Output, word for word, the line that contains "RESEARCHED WIDE EASY SLACKS/ ECO WOOL" and all lines after it in the records below, omitting pictures.

→ **Excerpted records**
......
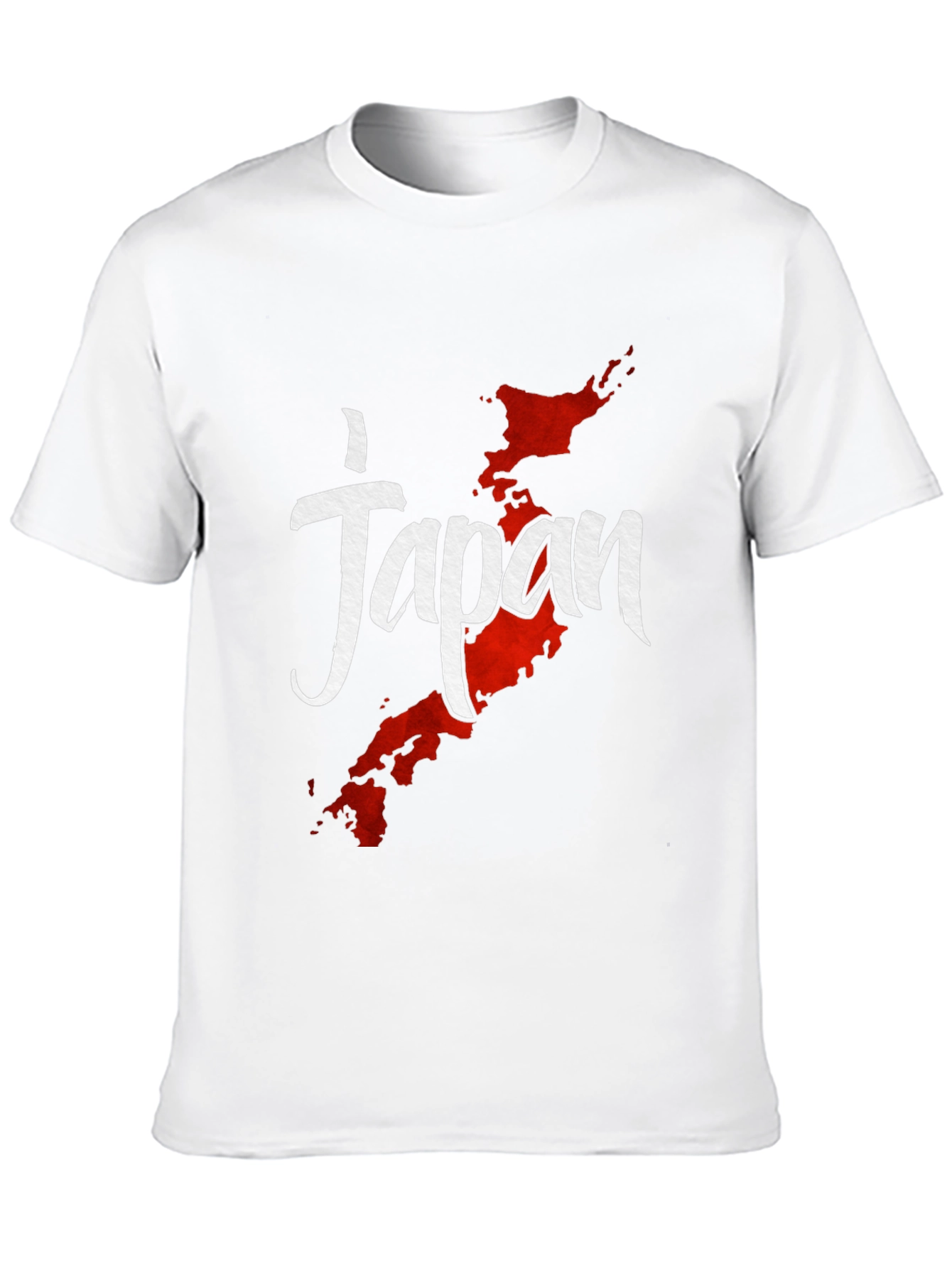Japan Map Graphic Tee - Stylish Travel Shirt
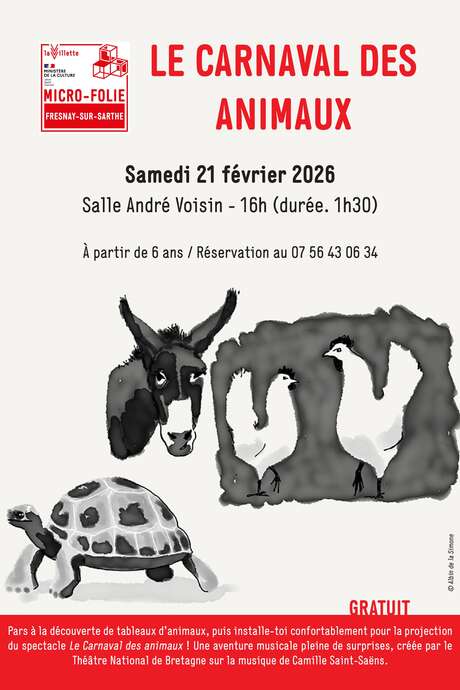 Animation Micro-Folie : Le Carnaval des Animaux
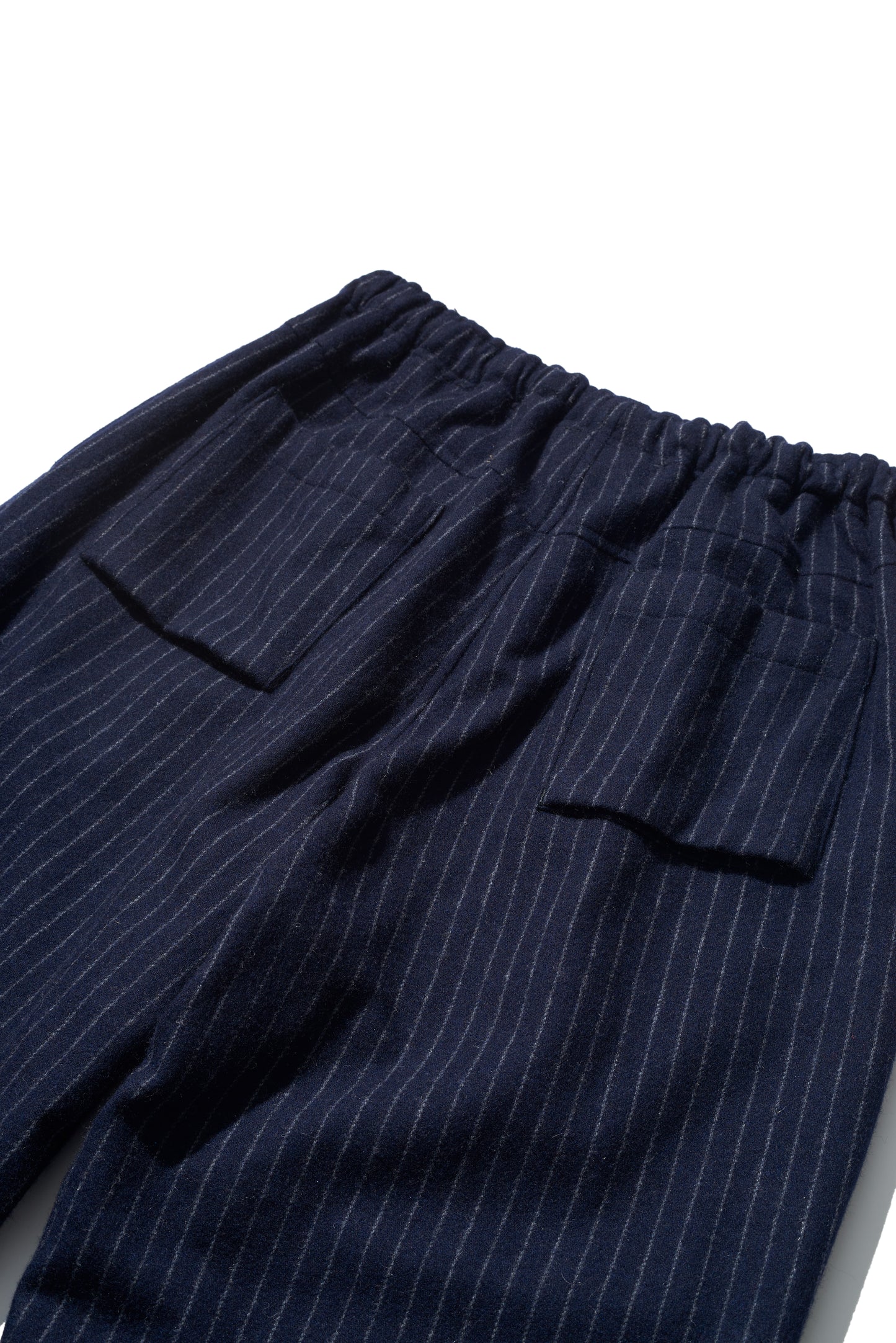 RESEARCHED WIDE EASY SLACKS/ ECO WOOL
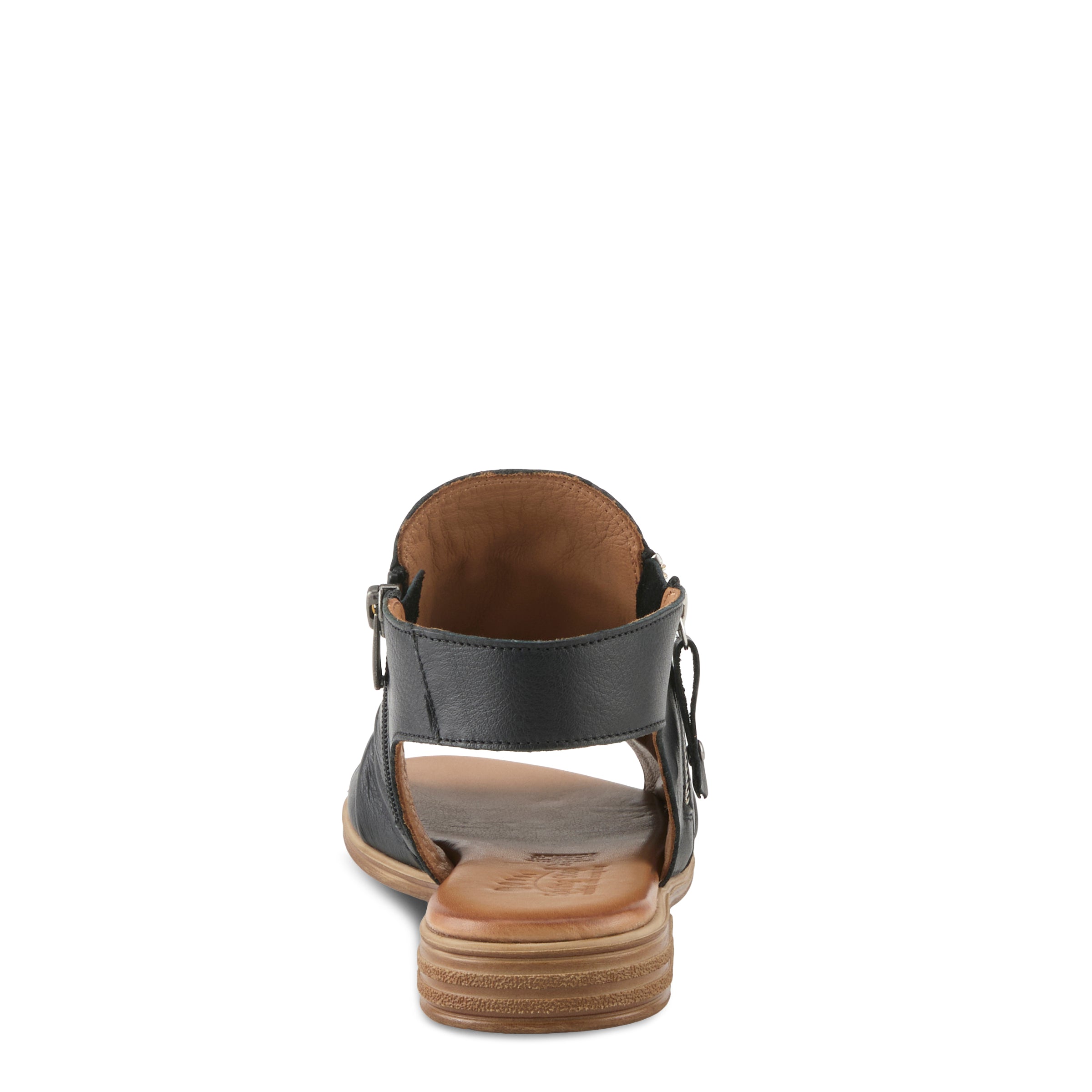 Jalaya Leather Zipper Sandals for Women - Spring Step Shoes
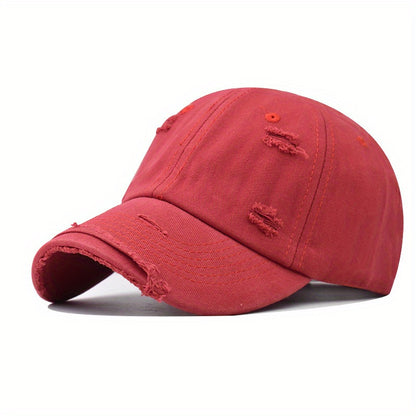 Enhanced Depth Retro Solid Color Baseball Cap - Unisex Sports Dad Hat with Timeless Style - Perfect All-Match, Comfortable Fit for Men & Women - An Ideal Gift Choice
......
→ **Result of this exercise**
 RESEARCHED WIDE EASY SLACKS/ ECO WOOL
 Jalaya Leather Zipper Sandals for Women - Spring Step Shoes
 Enhanced Depth Retro Solid Color Baseball Cap - Unisex Sports Dad Hat with Timeless Style - Perfect All-Match, Comfortable Fit for Men & Women - An Ideal Gift Choice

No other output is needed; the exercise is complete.